In places like Baton Rouge—inspired by similar events in more metropolitan cities like New Orleans—people of all faiths and backgrounds decided to come together during that difficult period, sharing not just their time with one another, but their cultures, their food, and their shared belief that the road to peace lies in mutual goodwill. Taking a cue from existing organizations like the Interfaith Federation of Greater Baton Rouge, the Atlas Foundation took off in 2002, a nonprofit dedicated to promoting the understanding of different cultures and religions through forums in homes and coffee houses, visits to local religious, academic and civic institutions, and joint volunteer work to help the community at large.
“I came to Baton Rouge for my Ph.D. about three years ago,” says Fevzi Sarac, treasurer on the board of the Atlas Foundation. “I am Turkish American and first came to America through New York, where I lived for six years. That’s when I began to realize how the similarities between people in this country outweigh the differences.”
Dialogue like the kind promoted by the Atlas Foundation creates a way to communicate without inhibitors, Sarac says. He and the other members organize ways for people to connect through volunteer opportunities, cooking classes, book clubs and “traditions dinners” like the yearly Dinner of Abrahamic Traditions at Beth Shalom Synagogue, attended by Methodists, Lutherans, Catholics, Unitarians, Presbyterians, Episcopalians, Muslims, Jews and others. Last month, the foundation hosted its 14th annual Dialogue and Friendship Dinner, an award ceremony celebrating diversity in the Baton Rouge community.
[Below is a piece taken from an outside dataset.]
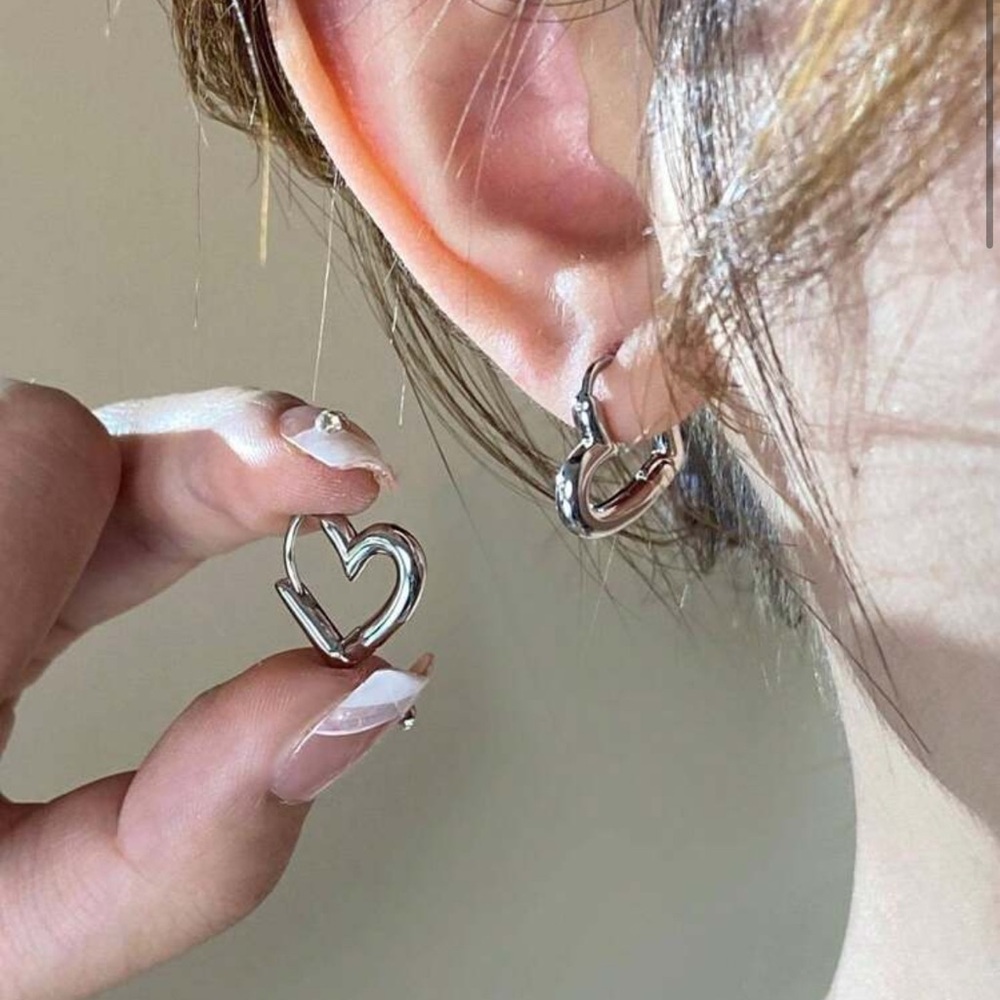 Stainless Steel Silver Heart Hoop Earrings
The foundation has also previously organized “dialogue trips” for its members—trips to countries off the beaten path, including Uganda, the nations of Southeast Asia, and Turkey, where many Atlas members trace their heritage.
“Those trips are important,” says Sarac, “because they’re not just touristy visits to another country. When we go to Turkey, for example, we’re visiting the local people, having dinners in the homes of local Turkish families, and even staying in their homes for a day or two. All of that helps to promote understanding of a different culture rather than just a historical place. Unfortunately, the political atmosphere in Turkey right now has caused us to postpone our trips there, but we definitely have plans to continue our trips abroad in the future.”
Although locally based, Sarac sees the Atlas Foundation a part of a global movement.
“We have many similarities,” he says, “but our differences make us valuable, and that’s what we want to celebrate as a community.”